Nothing but the lines from the one with "Brown & White" through the final line of the entries should appear in the answer, copied exactly and without pictures.

══ Data for processing

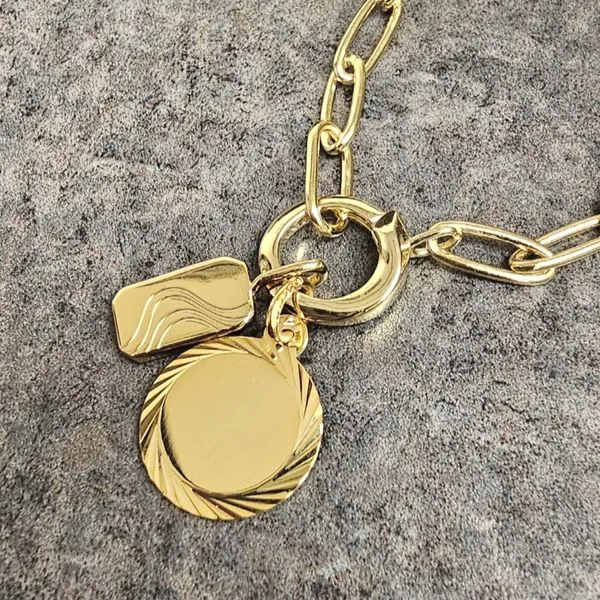 Gold-Plated Sterling Dog Tag Charm Image 2 Mark Jewellers La Crosse, WI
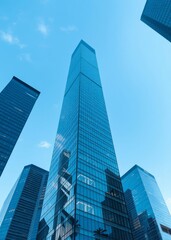 Obraz premium Modern skyscrapers, gleaming glass facades, towering architecture, blue tinted cityscape, upward perspective, sleek corporate buildings, financial district, urban grandeur, reflective surfaces, contem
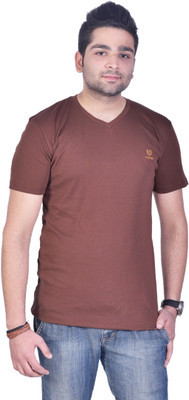 Colors & Blends Solid Men's V-neck Brown T-Shirt available at flipkart for Rs.225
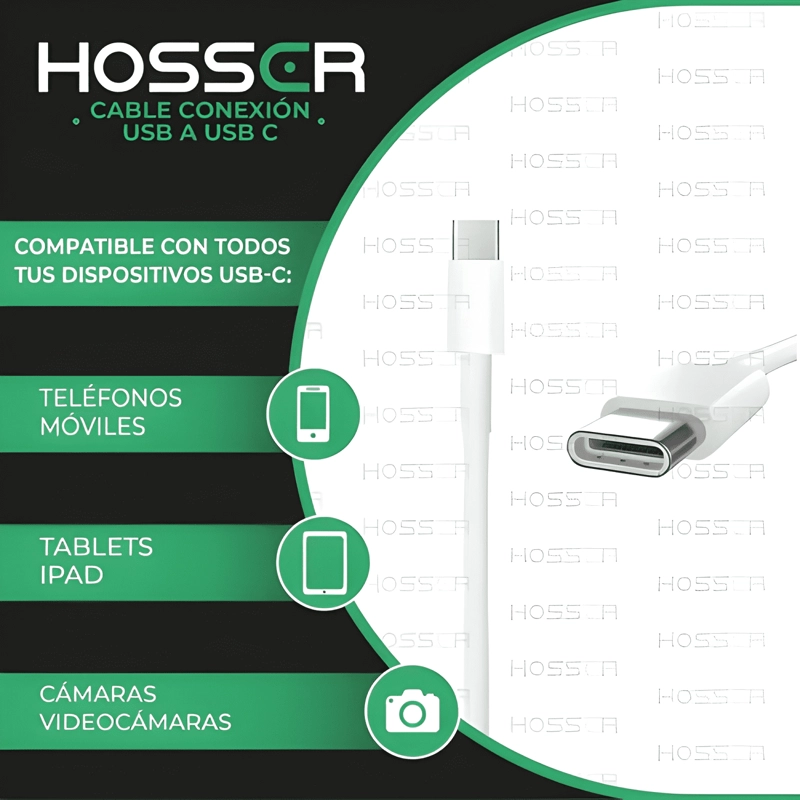 GENÉRICO CABLE CONEXION USB TO USB C 5 METROS BLANCO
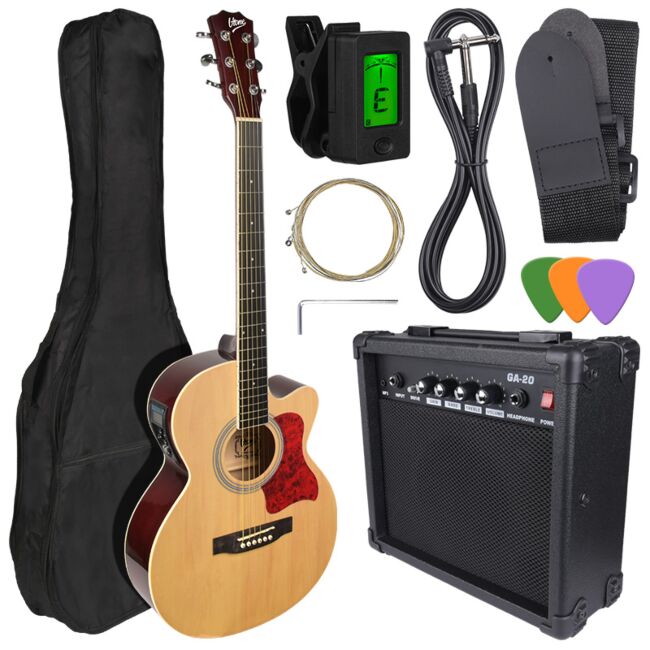 V-TONE EAG SET NT sähköinen akustinen kitara + vahvistin, Naturel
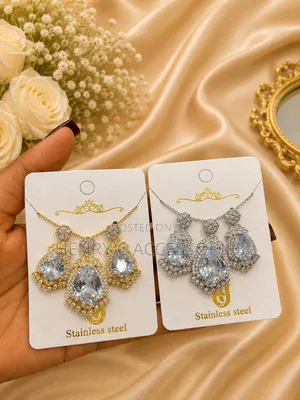 Stainless Steel Bow/Ribbon Zircon Jewelry Set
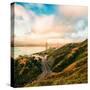 Dreamy Road Into San Francisco, Clouds Over City at Golden Gate Bridge-Vincent James-Stretched Canvas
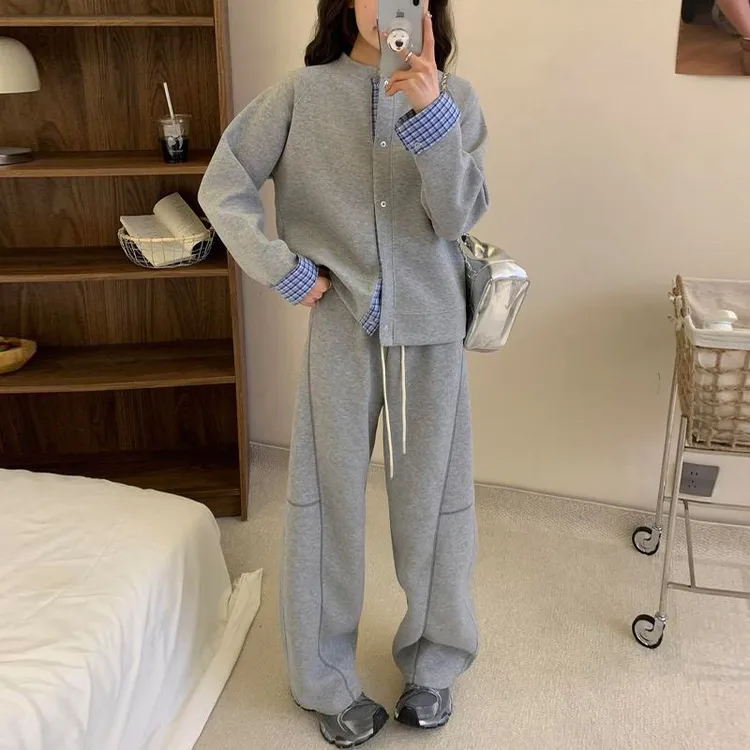 时尚撞色棉套装小清新款春秋显瘦小个子运动洋气休闲宽松炸街灰色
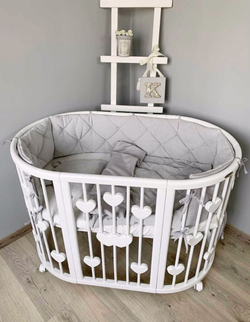 Детская кроватка-трансформер Ingvart Smart Bed 9 в 1 Oval (60*72) с сердечками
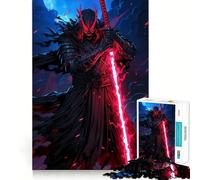Dark Samurai Glowing Red Sword Puzzles for Adults 1000 Puzzles Memory Build Smooth Connection Home Enjoyable Home Art (38x26cm)
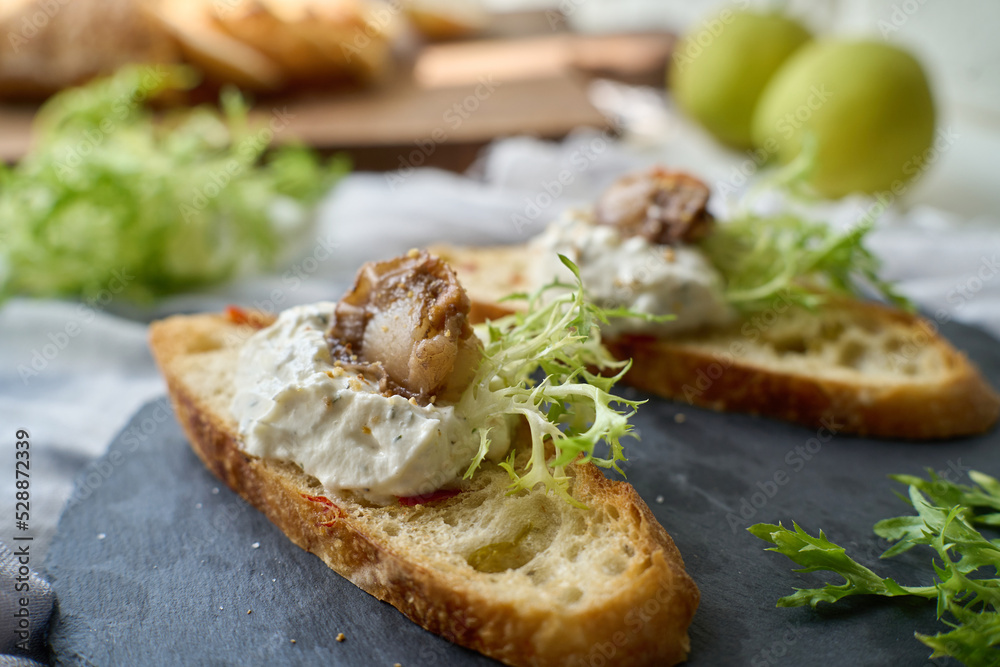 delicious toast, topped with clam meat, endive and yogurt delicious toast, topped with clam meat, endive and yogurt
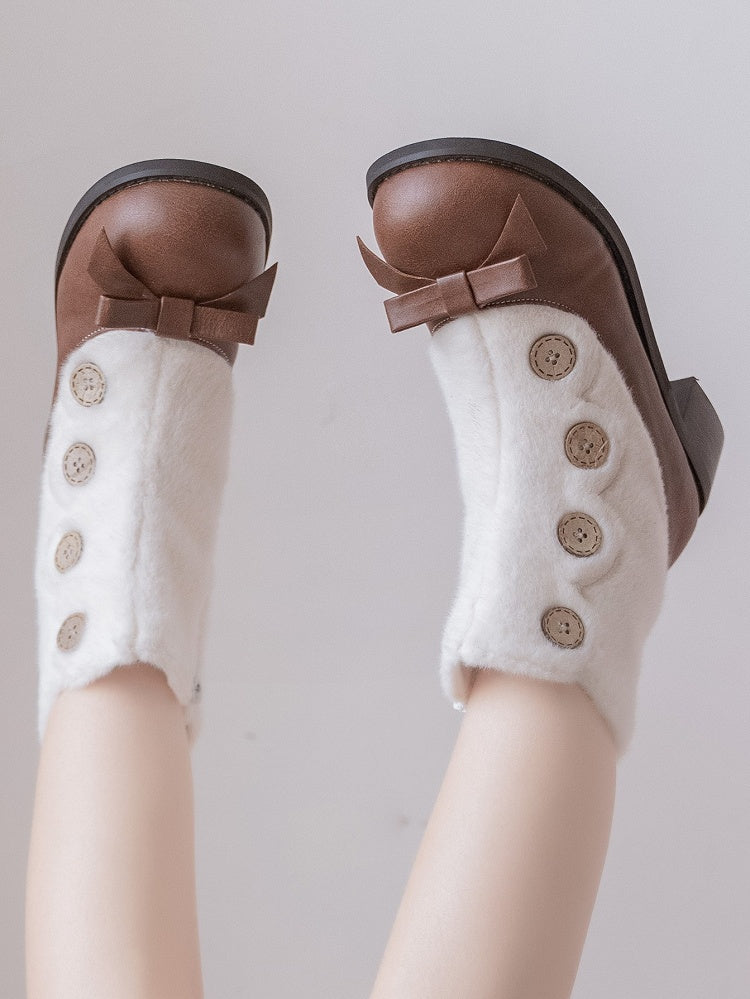 Brown & White Elegant Lolita 4cm/6cm Mid-heel Winter Boots - Plush Lining with Button Accents, Bow Details & Inner Zipper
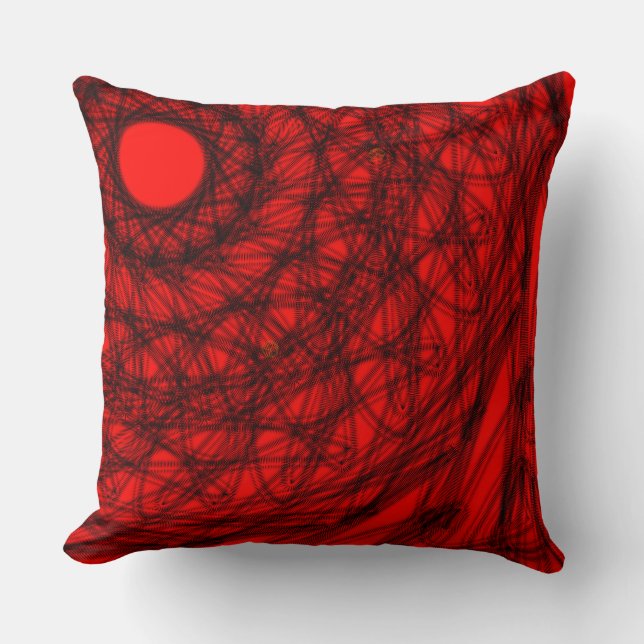 black and red decorative Throw Pillow (Front)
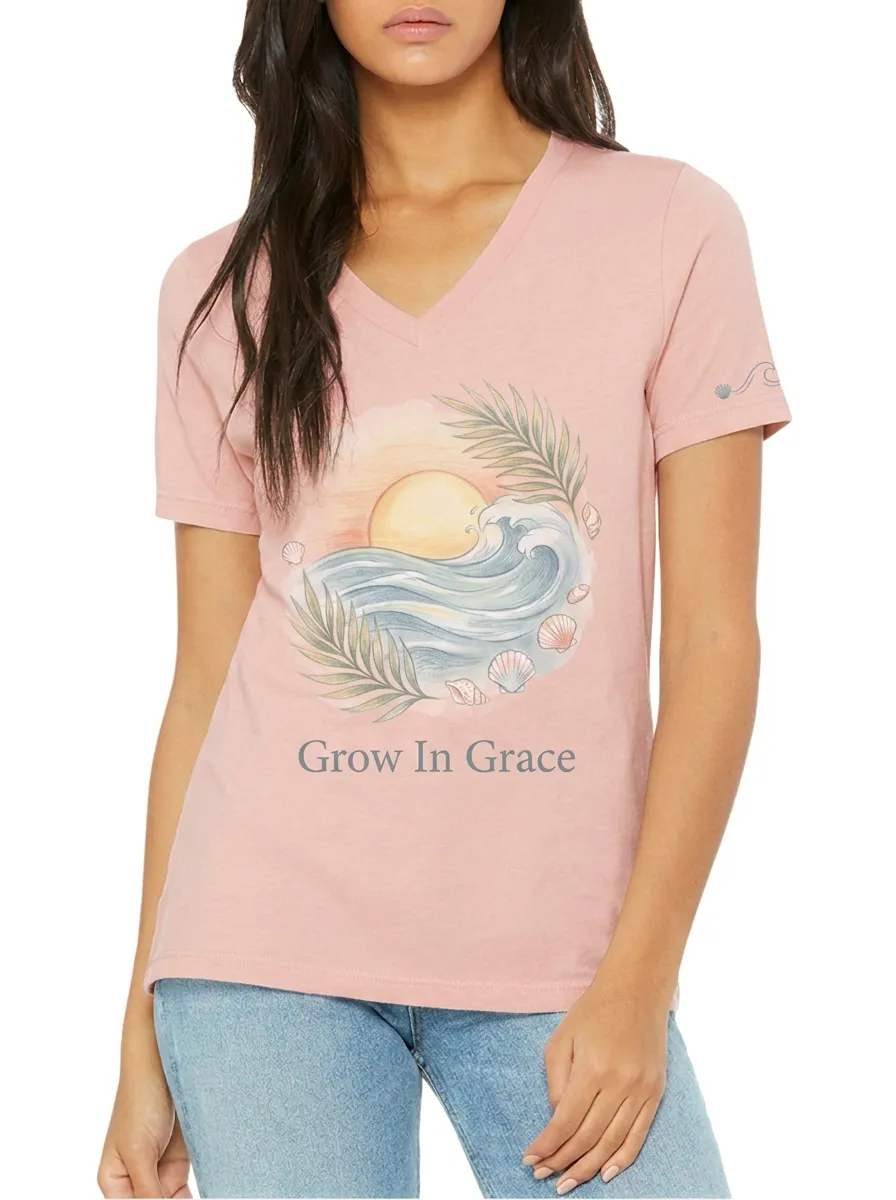 Women's Beach Lover Grow In Grace Sunset Wave Printed V-neck T-shirt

════

| Written reply |
 Brown & White Elegant Lolita 4cm/6cm Mid-heel Winter Boots - Plush Lining with Button Accents, Bow Details & Inner Zipper
 black and red decorative Throw Pillow (Front)
 Women's Beach Lover Grow In Grace Sunset Wave Printed V-neck T-shirt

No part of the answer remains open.